Code to be uploaded once the work is recognized representative and the writing advances in the publishing proccedure.
The second approach works by making some decisions based on the Bayesian output of the architectures, considering entropies thereafter to check how consistent the information is. Suppose that for a camera model, a pixel ((i,j)), is considered with the following mass values for each class:
[m1(R) = 0.80, m1(V) = 0.15, m1(B) = 0.05]
In this situation, taking the decision for pixel ((i,j) = R) (from the camera model) can be relevant, but not 100% sure because m1(R) < 1. Similarly, for a LiDAR frame, suppose a pixel with mass values accordingly:
[m2(R) = 0.55, m2(V) = 0.25, m2(B) = 0.20]
The decision will be the same, pixel ((i,j) = R), which can again be relevant, but the decision tends to be riskier as m2(R) is just above 0.5. Instead of fusing probabilities directly, another way is to fuse weighted decisions by their quality, calculated from entropy.

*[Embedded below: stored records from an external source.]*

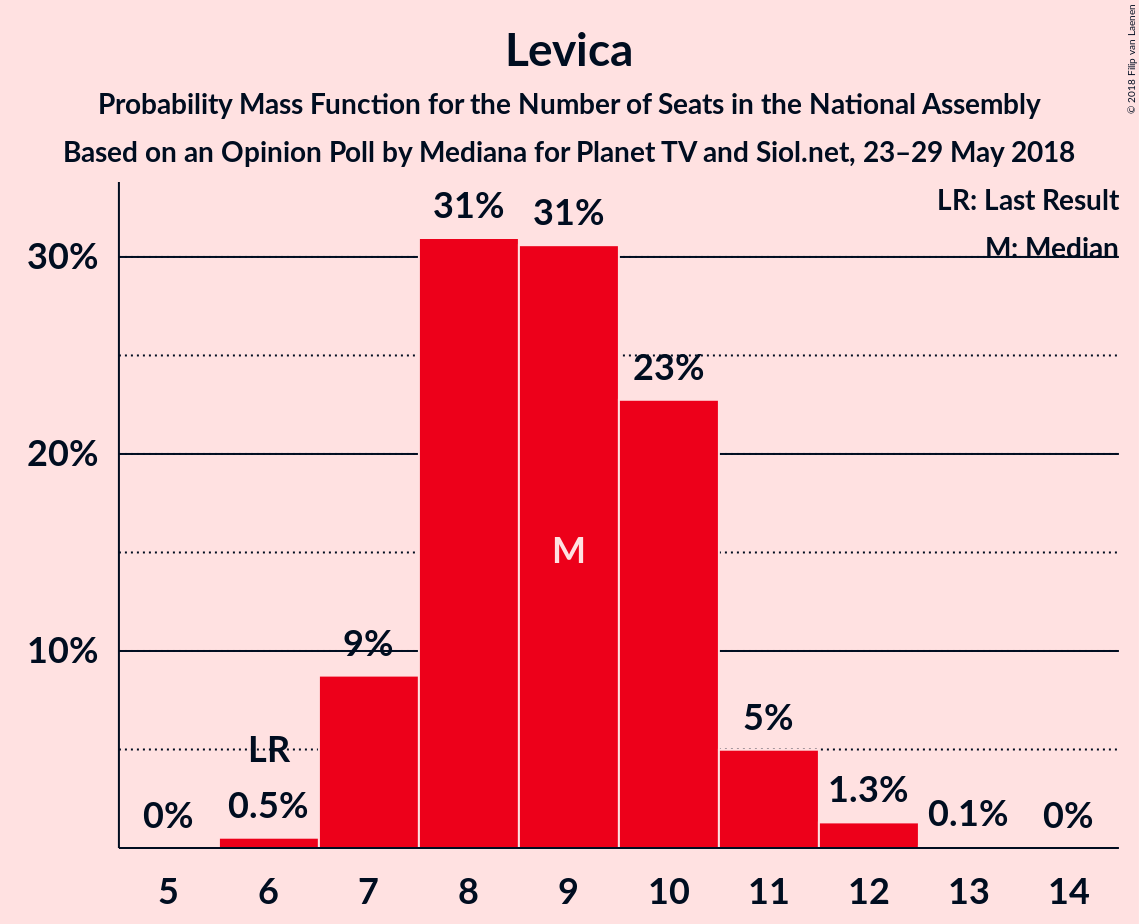 Graph with seats probability mass function not yet produced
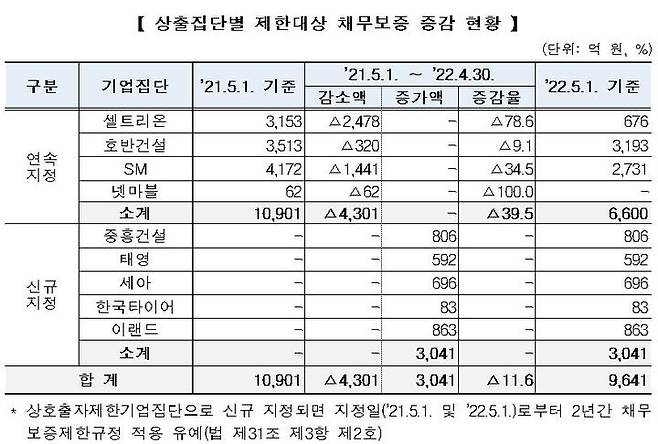 [세종=뉴시스](표=공정거래위원호 제공) *재판매 및 DB 금지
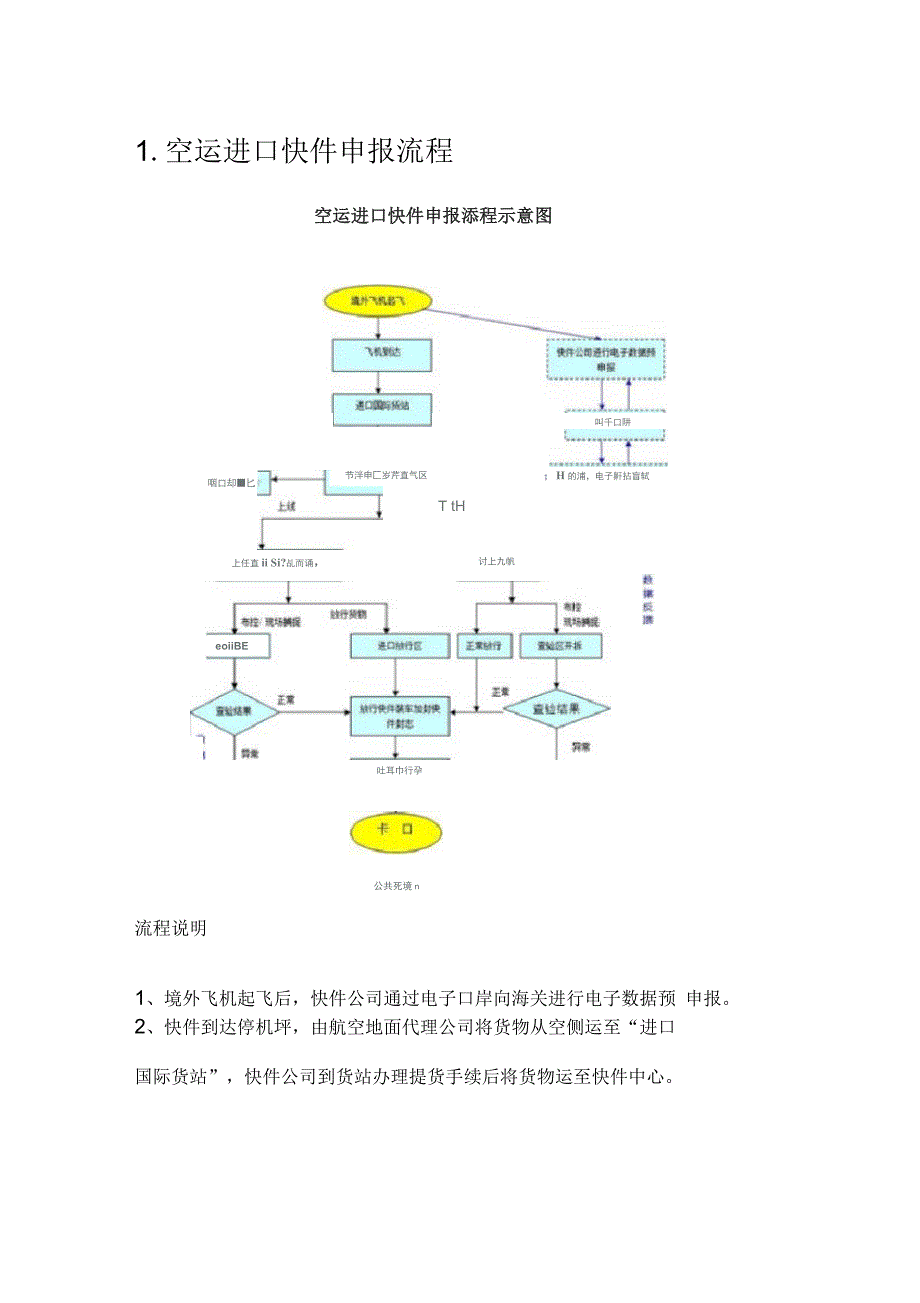 快件监管流程_第1页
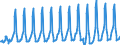 Aufenthaltsland: Inland / Maßeinheit: Anzahl / Statistische Systematik der Wirtschaftszweige in der Europäischen Gemeinschaft (NACE Rev. 2): Ferienunterkünfte und ähnliche Beherbergungsstätten; Campingplätze / Geopolitische Meldeeinheit: Europäische Union - 27 Länder (ab 2020)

In the previous example, based on m1, the early state of the decision will represent (R) (road) class for the camera segmentation model:
[ md1(R) = 1, md1(V) = 0, md1(B) = 0]
Then, according to the weight, the decision will be updated. The weight of source 1 for this pixel is calculated by the quality measure as:
w1 = 1 - H(m1)/Hmax
where H(m1) is the entropy of m1 because m1 is Bayesian. (For a more general (non-probabilistic) context when working with non-Bayesian BBAs, we could use the generalized entropy for belief functions defined in DezertEntropy.) Therefore, H(m1) corresponds to Shannon entropy, while Hmax is the maximum of Shannon entropy obtained for a uniform probability mass function.

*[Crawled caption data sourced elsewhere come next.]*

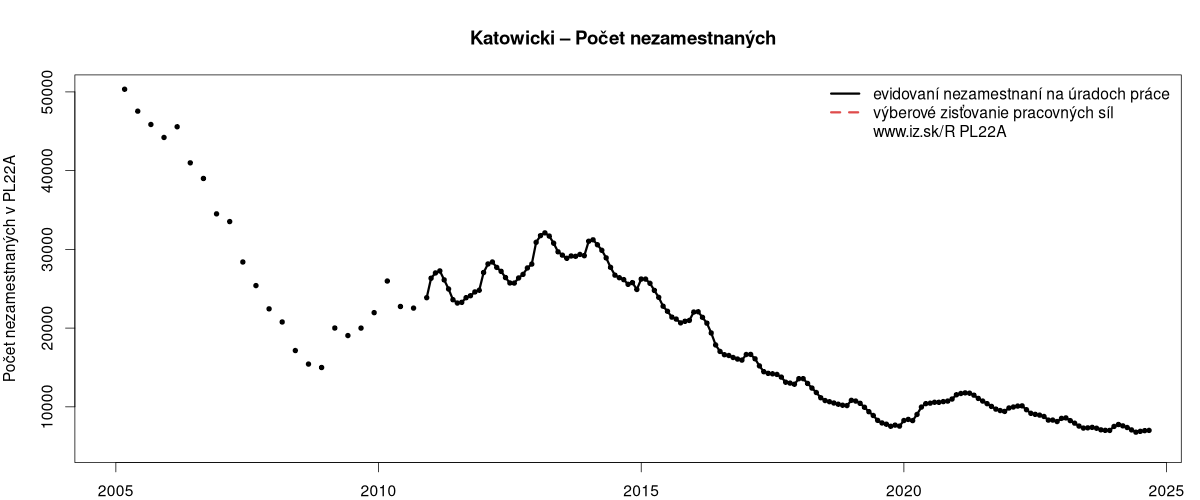 porovnanie počtu nezamestnaných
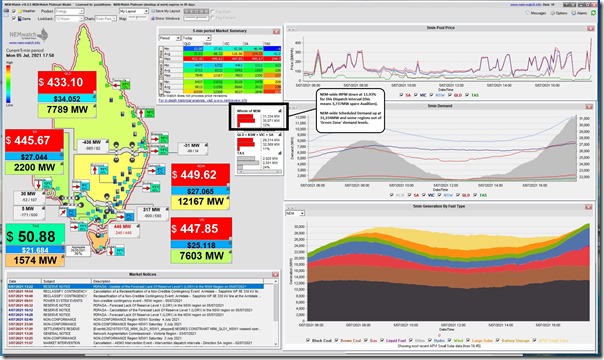 2021-07-05-at-17-50-NEMwatch-screenshot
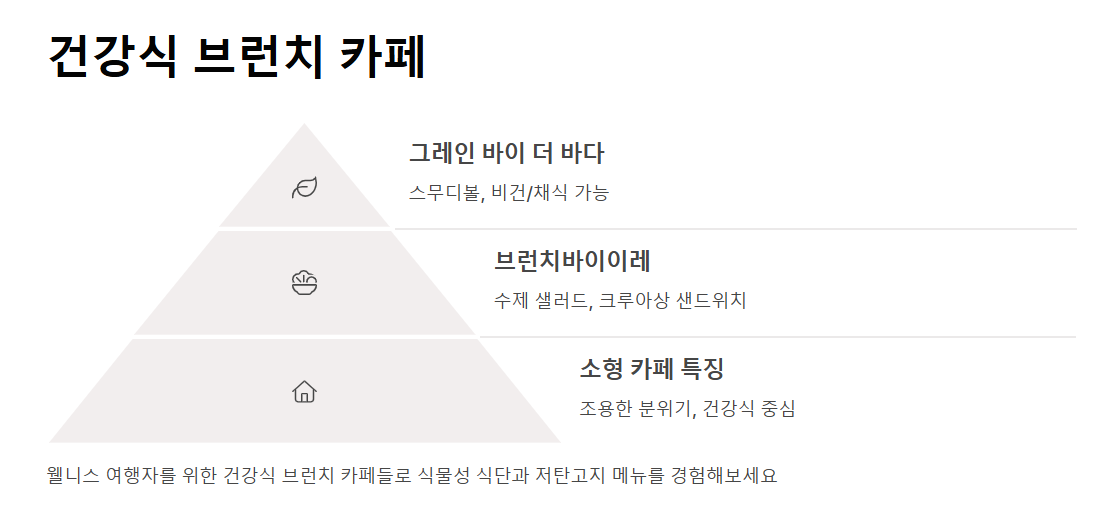 양양 브런치 맛집 리스트 - 자연과 감성이 어우러진 힐링 공간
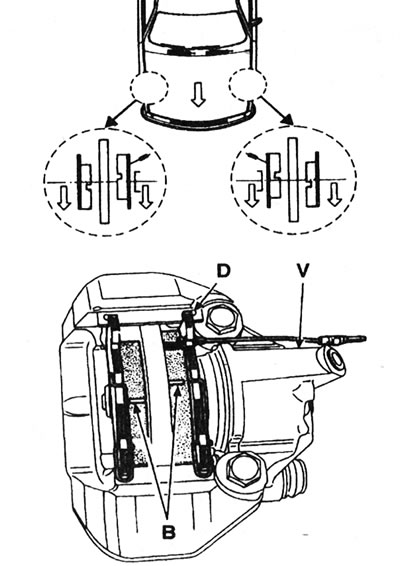 9.12. Правільная ўстаноўка несіметрычных калодак суппорта Bendix: У - Канаўкі; D - Месцазнаходжанне…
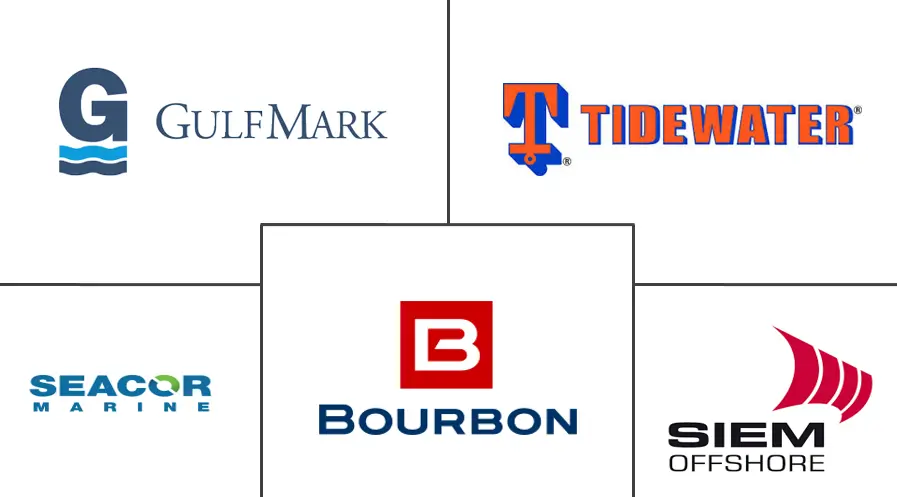 北海近海支援船市场规模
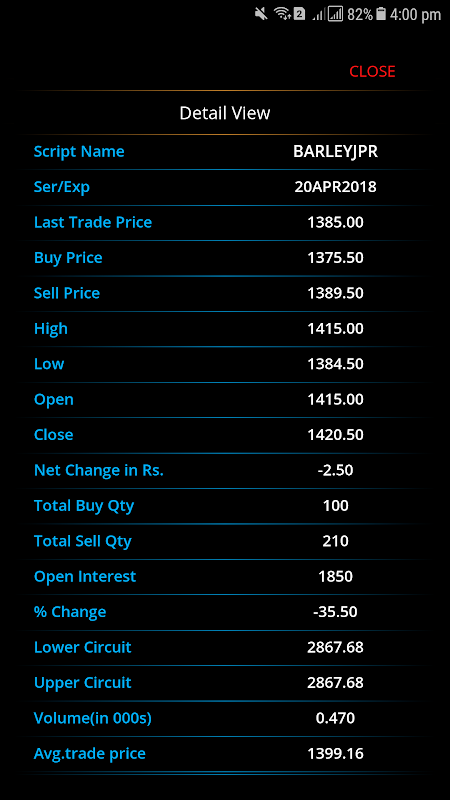 NCDEX Live Market Watch Complete APK for Android - Download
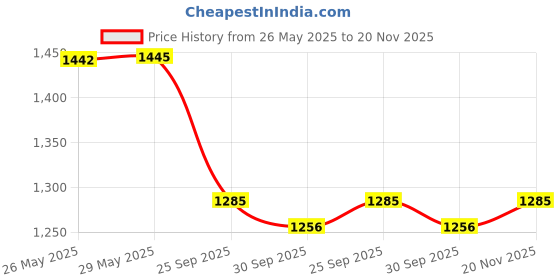 tatacliq.com Inc.5 Women's Beige T-Strap Wedges inc.5 Price History Graph from 26 May 2025 to 20 Nov 2025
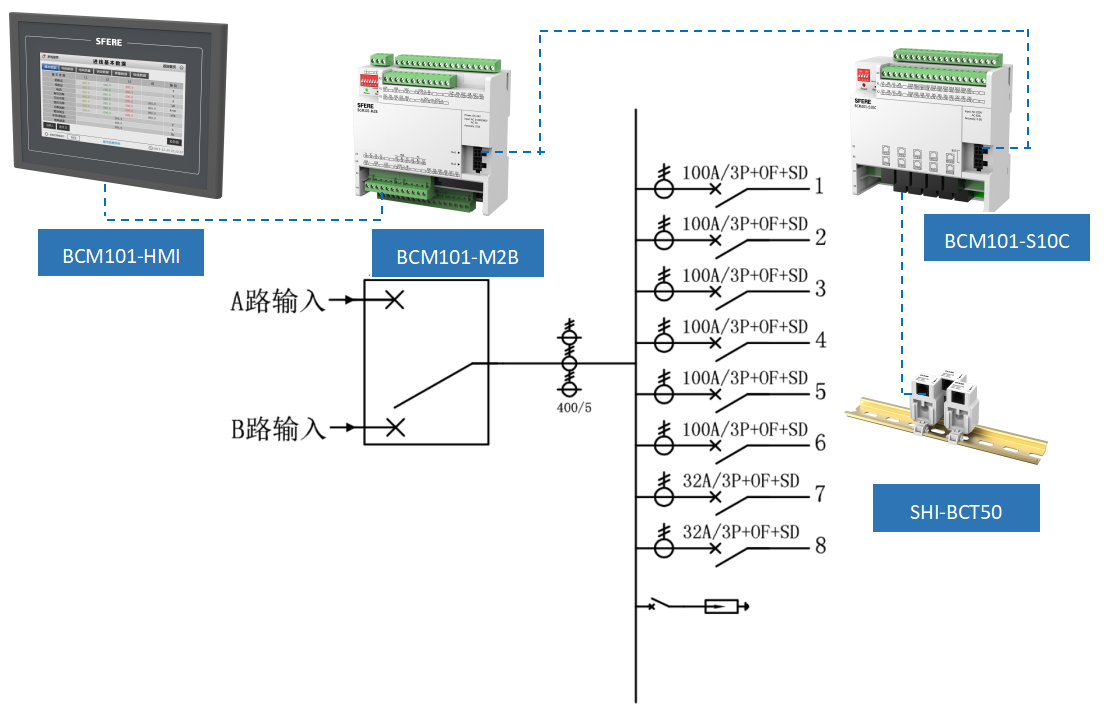 170081471056707292A2.png UPS輸出柜配電監測典型系統圖.png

Based on m2, the (R) class will be decided. Therefore, the judgment based on LiDAR data is:
[md2(R) = 1, md2(V) = 0, md2(B) = 0]
with the weight of source 2 (LiDAR) provided by the quality:
w2 = 1 - H(m2)/Hmax
The decisions are fused by a simple weighted averaging rule as follows:
md(R) = (w1 / (w1 + w2)) * md1(R) + (w2 / (w1 + w2)) * md2(R) md(V) = (w1 / (w1 + w2)) * md1(V) + (w2 / (w1 + w2)) * md2(V) md(B) = (w1 / (w1 + w2)) * md1(B) + (w2 / (w1 + w2)) * md2(B)
In this simple example, Theta = 3 since the frame of discernment (FoD) has three singletons only. Therefore, w1 will have a greater value than w2 due to the lower entropy of H(m1). Consequently, the camera source shows greater confidence.